Hacker News Clone

dalvrosaMar 25, 2026, 6:44 PM

From 12M ops/s to 305 M ops/s on a lock-free ring buffer.

In this post, I walk you step by step through implementing a single-producer single-consumer queue from scratch.

This pattern is widely used to share data between threads in the lowest-latency environments.

random3Mar 27, 2026, 3:39 PM

Ring buffers never get old. Here’s a useful mention of some of the most extensive technical work by LMAX team over 15 years ago https://martinfowler.com/articles/lmax.html

loegMar 26, 2026, 2:32 PM

Your blog footer mentions that code samples are GPL unless otherwise noted. You don't seem to note otherwise in the article, so -- do you consider these snippets GPL licensed?

dalvrosaMar 26, 2026, 2:37 PM

Actually I'm not sure. GPL was for source code of the website itself

I guess the code samples inside post are under https://david.alvarezrosa.com/LICENSE

But feel free to ping me if you need different license, quite open about it

ramon156Mar 26, 2026, 3:03 PM

Something to add to this; if you're focussing on these low-level optimizations, make sure the device this code runs on is actually tuned.

A lot of people focus on the code and then assume the device in question is only there to run it. There's so much you can tweak. I don't always measure it, but last time I saw at least a 20% improvement in Network throughput just by tweaking a few things on the machine.

hansvmMar 26, 2026, 9:19 PM

That reminds me of one of the easiest big wins I've had in my career.

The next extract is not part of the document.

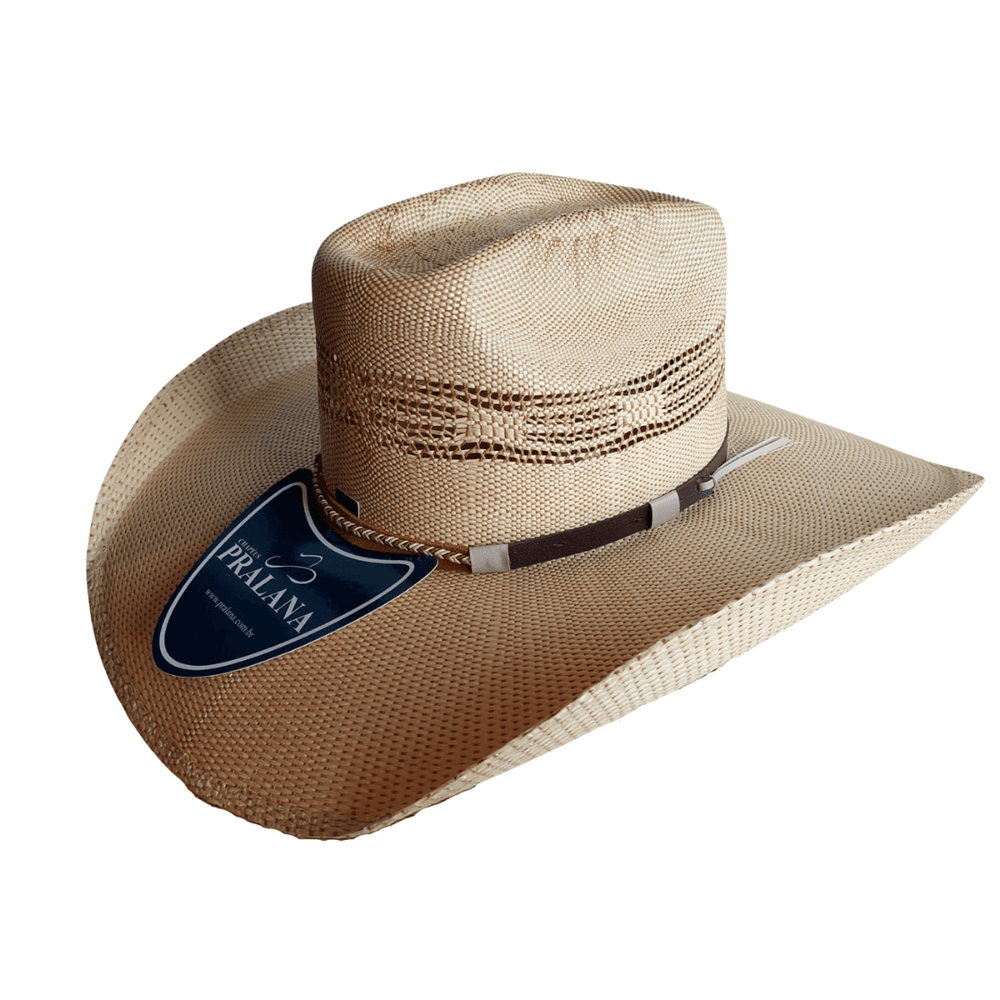 CHAPÉU PRALANA RODEO CROSS BEGE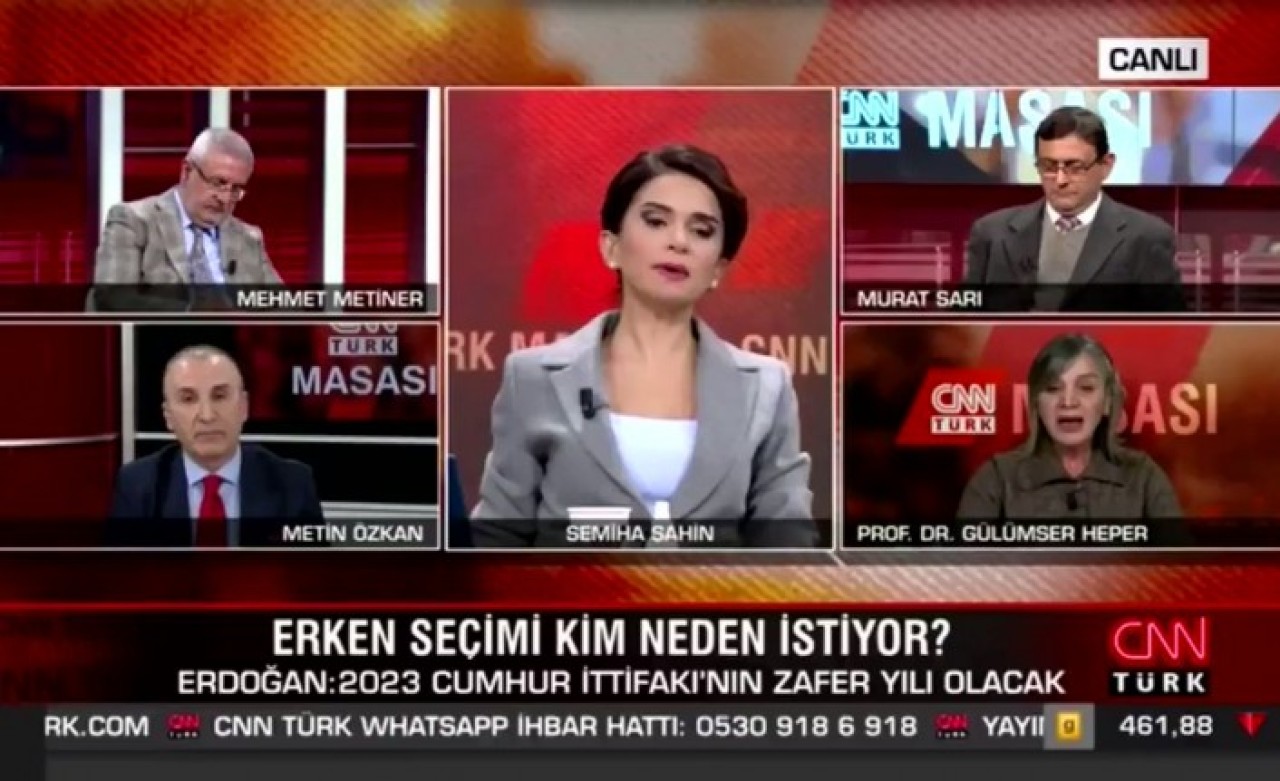 Gülümser Heper “Sayın Öcalan” deyince ortalık karıştı: Konuklardan sert tepki!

SystemD was causing issues, so I slapped in Gentoo with the real-time kernel patch. Peak latency (practically speaking, the only core metric we cared about -- some control loop doing a bunch of expensive math and interacting with real hardware) went down 5000x.

That specific advice isn't terribly transferable (you might choose to hack up SystemD or some other components instead, maybe even the problem definition itself), but the general idea of measuring and tuning the system running your code is solid.

kajaktumMar 26, 2026, 10:52 PM

What do you think is causing the issue? We are having the same kind of problem. Core isolation, no_hz, core pinning, but i am still getting interrupted by nmi interrupts

hansvmMar 27, 2026, 12:34 AM

Details depend, but the root cause is basically the same every time: your hardware is designed to do something other than what you want it to do. It might be close enough that you want to give it a shot anyway (often works, often doesn't), but solutions can be outside of the realm of what's suitable for a "prod-ready" service.

If you're experiencing NMIs, the solution is simple if you don't care about the consequences; find them and remove them (ideally starting by finding what's generating them and verifying you don't need it). Disable the NMI watchdog, disable the PMU, disable PCIe Error Reporting (probably check dmesg and friends first to ensure your hardware is behaving correctly and fix that if not), disable anything related to NMIs at the BIOS/UEFI/IPMI/BMC layers, register a kernel module to swallow any you missed in your crusade, and patch the do_nmi() implementation with something sane for your use case in your custom kernel (there be dragons here, those NMIs obviously exist for a reason). It's probably easier to start from the ground up adding a minimal set of software for your system to run than to trim it back down, but either option is fine.

Are you experiencing NMIs though? You might want to take a peek at hwlatdetect and check for SMIs or other driver/firmware issues, fixing those as you find them.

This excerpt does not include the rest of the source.